Oven temperatures are for conventional; if using fan-forced (convection), reduce the temperature by 20˚C. | We use Australian tablespoons and cups: 1 teaspoon equals 5 ml; 1 tablespoon equals 20 ml; 1 cup equals 250 ml. | All herbs are fresh (unless specified) and cups are lightly packed. | All vegetables are medium size and peeled, unless specified. | All eggs are 55-60 g, unless specified.

Instructions

Trim the tops from the eggplants and slice them in half lengthways. If you like, you can soak the eggplant in cold water for about 10 minutes, to remove some of the bitterness.

To make the dengaku miso, combine the ingredients to make a smooth paste. (If the miso is coarse, you may want to grind it slightly in a mortar and pestle.)

Lightly score the cut surfaces of the eggplant in a cross pattern, then brush with a little oil. Skewer the eggplant with long metal skewers and barbecue or grill over hot coals for about 10 minutes or until the eggplant is browned, softened and cooked through. (If you prefer, you can roast the eggplant in a 200°C oven for 15 minutes.)

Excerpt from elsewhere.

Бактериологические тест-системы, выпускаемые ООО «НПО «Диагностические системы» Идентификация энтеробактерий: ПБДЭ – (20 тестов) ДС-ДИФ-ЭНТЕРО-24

Brush the roasted eggplant with a thick layer of the dengaku miso and return to the barbecue for 2–3 minutes or until the miso is toasted and fragrant. Remove the skewers. If you like, you can scatter the eggplant with sesame seeds, or place a sprig of kinome into the centre of each eggplant. Serve with a little grated ginger, if desired.

 

Note
• Kinome is the young leaves from the prickly ash plant. If you can’t find kinome, you can use finely sliced chives or spring onions instead. The flavour is very different, but the oniony chives will complement the sweet miso very well.